Building network robustness of the demo application can be viewed in the Ising Editor to view the problem setup and optimization process. Can any physical network challenge be solved with the Ising Editor? Or is there some secret that is exclusive to the Network Robustness app?

Actually, there are two secrets. First, there is a hidden condition that should be called the "secret of obtaining the optimal solution"; this condition works with Annealing Cloud Web's CMOS annealing machine, not with the Ising Editor. Another thing to note: not all network optimization problems can be solved with a CMOS annealing machine. Moving ahead, in this demo application, no matter how many servers are installed, each server is only connected with up to 4 other servers. The CMOS annealing machine running on the Annealing Cloud Web performs optimization processing using a lattice-like (also known as a King's graph, a structure in which one spin is connected to eight spins) Ising model.

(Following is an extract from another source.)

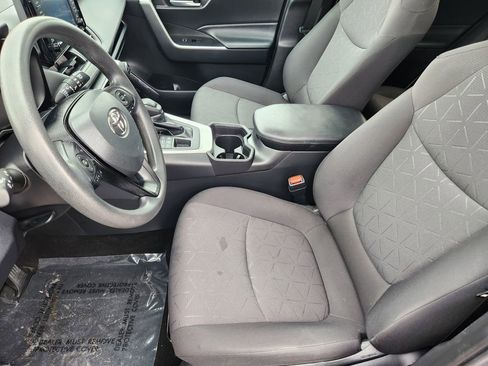 Used 2019 Toyota RAV4 XLE image 7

The optimization process is performed on an Ising model of the lattice.Therefore, although the limitation on the number of servers that can be connected is not taken into account in the formulation, it is possible to run this application that derives the optimal solution from a network that connects four vertices, which is less than eight. In addition, the specification to connect only to 4 servers is realized as an application specification.

Another secret answers the question of why the network robustness optimization process can be performed by the Ising Editor, which is even more constrained than the Annealing Cloud Web annealing machine. The interaction coefficient for network robustness construction is only 1 in this case. The Ising Editor can be populated with any value in the range -3 to 3.

### Summary

• The solution obtained by the optimization process of the annealing machine is a combination of which spins are upward or downward.
• The Ising Editor can solve the Ising model problem by entering spin external field coefficients and interaction coefficients between -3 and 3.
• The solution (spin direction) that emerges from each run is different, but the energies are all minimal, indicating that an optimal solution* is obtained.
*Inherently, only the optimal solution is not always derived, and this result shows only the optimal solution due to the small size of the problem.
• If you put in the wrong input data, it will not return an error.